Comptroller of the Currency Eugene A. Ludwig urged nonbanks Tuesday to adhere to the tenets of the Community Reinvestment Act.
"We have to face up to the fact that the banking industry can only do so much," Mr. Ludwig told San Francisco business leaders. "We must begin now to seriously focus on this central question: To what degree should financial providers besides banks be asked to step up to the plate and participate in a CRA-like program?"
In his speech to the Director's Roundtable, Mr. Ludwig stopped short of recommending that the 1977 law be extended to investment banks, insurance companies, and pension funds. "That is certainly one of the big questions," he said in an interview. "I don't think we can necessarily apply CRA verbatim to nonbanking organizations."
Mr. Ludwig argued for creation of "a set of CRA-like responsibilities that would be appropriate for nonbanks."

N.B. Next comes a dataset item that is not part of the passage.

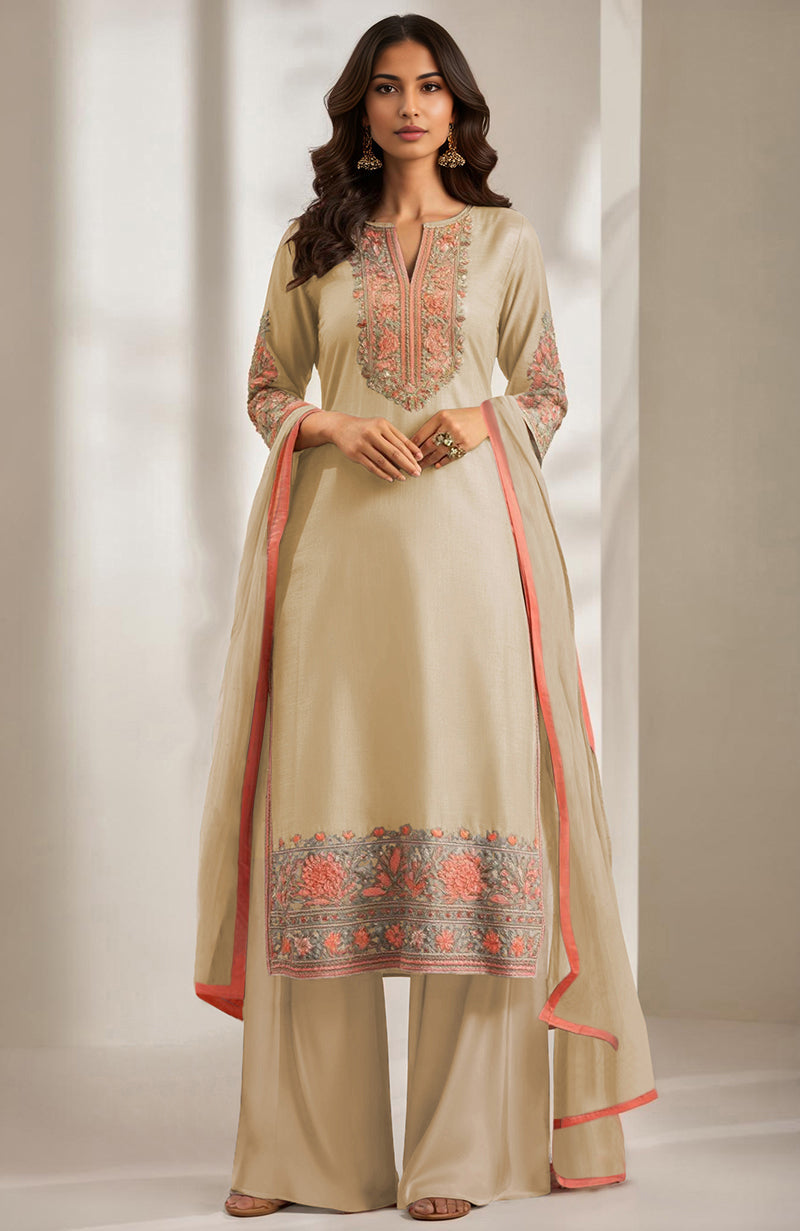 Dusty plum kurta set with peach and sage floral embroidery, V-slit neckline, and palazzo pants.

The move is necessary, he said, because CRA's reach is being reduced as commercial banks lose business to nonbanks. In his speech, Mr. Ludwig noted that mutual fund assets had surpassed bank time deposits in 1993 and commercial paper outstripped the value of bank commercial and industrial loans the next year.
"If we had a uniform commitment from nonbanks that looked like the commitment banks have made under CRA, we would make a major-league positive impact on the welfare of middle- and low-income America," Mr. Ludwig said in the interview.
Since CRA was enacted, the comptroller said, $215 billion of low- and moderate-income loans have been pledged. Trumpeting CRA's recent success, Mr. Ludwig noted that 81% of that total has been promised in the last three years.
While the idea of extending CRA to cover other financial services providers has been pushed by consumer advocates and even some bankers, this is the first time a leading regulator has broached the issue.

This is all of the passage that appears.